Im November 2016 wählten die USA diesen Trump zu ihrem Präsidenten, jenen Mann, der Barack Obama als im Ausland geborenen Muslim denunziert hatte und dessen Slogan "Make America Great Again" lautet. Dieses "great again" bedeutet in den sozialdarwinistischen USA: Einheimische herrschen wieder über Migranten, Heterosexuelle über Homosexuelle; Weiß herrscht wieder über Schwarz, Mann über Frau. Man kann Trumps Slogan nicht anders deuten: Seine Reden, Dekrete und Personalentscheidungen zeigen, wer er ist.

Trump ist ein Rassist und ein Hetzer.
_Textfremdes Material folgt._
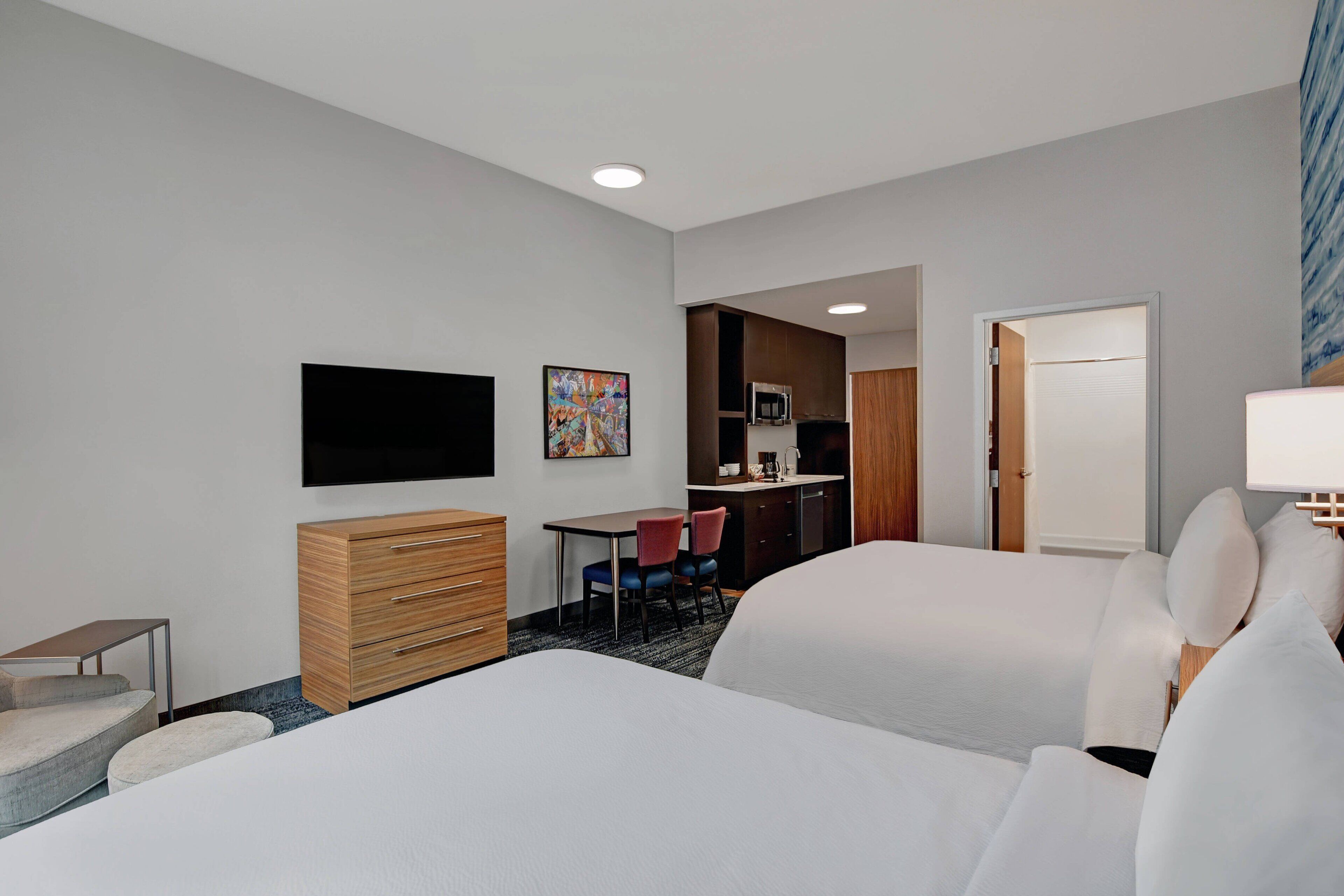 Habitación de hotel con dos camas, un escritorio, una silla, un aparador, un televisor y un microondas.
Wer ihn nun als alten, etwas unsortierten, unpolierten Mann bezeichnet, der ja explizit kein glatter Politiker sein wolle, der verniedlicht ihn noch immer.

"Trump testet Ideen auf Twitter, dann wiederholt und wiederholt er sie so oft, bis sie gelernt sind", sagt die deutsche Sprachwissenschaftlerin Elisabeth Wehling, die Trump von Berkeley aus beobachtet. Viele Amerikaner verstünden die Welt aggressiv, so Wehling, als Dichotomie von Gut und Böse, Trump spreche punktgenau die Wahrheiten dieser Leute aus.

In einer unsicheren Zeit des Wandels benennt der Präsident die Sündenböcke: die Migranten, die Eliten; und wenn es künftig zu Terroranschlägen komme, trügen jene liberalen Richter die Schuld, welche heute die Flüchtlinge ins Land ließen, das sagt prophylaktisch der Mann im Weißen Haus. Ausgerechnet dort, wo die moralische Autorität der USA daheim sein müsste, sitzt der Brandstifter.

Rassismus, in seiner alltäglichen Version, funktioniert meist subtil. Normalerweise sind da erstens die Vorurteile und die Benachteiligungen: Jüdische Kinder werden mit Münzen beworfen, Schwarze öfter als Weiße von der Polizei kontrolliert. Zweitens gibt es Strippenzieher am dunklen Rand und drittens die Politiker im Licht, die mit Klischees spielen. All das kann unabhängig voneinander geschehen.

Dann aber, immer wieder, kommt es zu Phasen, in denen alle Akteure zur selben Zeit auf der Bühne stehen. Das war im Nationalsozialismus so, in der Apartheid, in Ungarn ist es seit einigen Jahren so und nun in Trumps Amerika. In diesen Phasen entfaltet der Rassismus seine Wucht, und die Grenzen fallen.

In der DDR galt die Verteidigung des Kapitalismus als überwundener Standpunkt. Zweifellos zu früh. In der westlichen Welt hatten wir gehofft, dass Misogynie, Homophobie, Antisemitismus und Rassismus weitgehend überwundene Standpunkte seien. Zu früh. Das Ziel rassistischer Rhetorik liegt darin, Tabus ins Spektrum der Debatte zurückzuholen, Rassismus also wieder zu einem Standpunkt zu machen, der als ebenso legitim gilt wie die Toleranz. These und Antithese. Weil man ja nur seine Meinung sage. Weil die USA ja ein freies Land seien.

David Duke, Führer der amerikanischen Rassisten, wusste, warum er sich bei Trump zu bedanken hatte. Wenn der Präsident der USA sagt, das Opfer sei genauso verantwortlich wie der Mörder, der Gegendemonstrant ebenso wie jener Nazi mit der Hakenkreuzflagge, der "Jews will not replace us" brüllt; und wenn seine Partei Trump selbst jetzt noch nicht fallen lässt: Dann haben Duke und Trump ein wesentliches Ziel erreicht. Toleranz, Empathie, Güte, Meinungsvielfalt sind als politisch korrekt verunglimpft, alles andere ist sagbar, und wenn es sagbar ist, ist auch Gewalt wieder begründbar.

Das Rad der Zivilisation ist rückwärtsgedreht worden.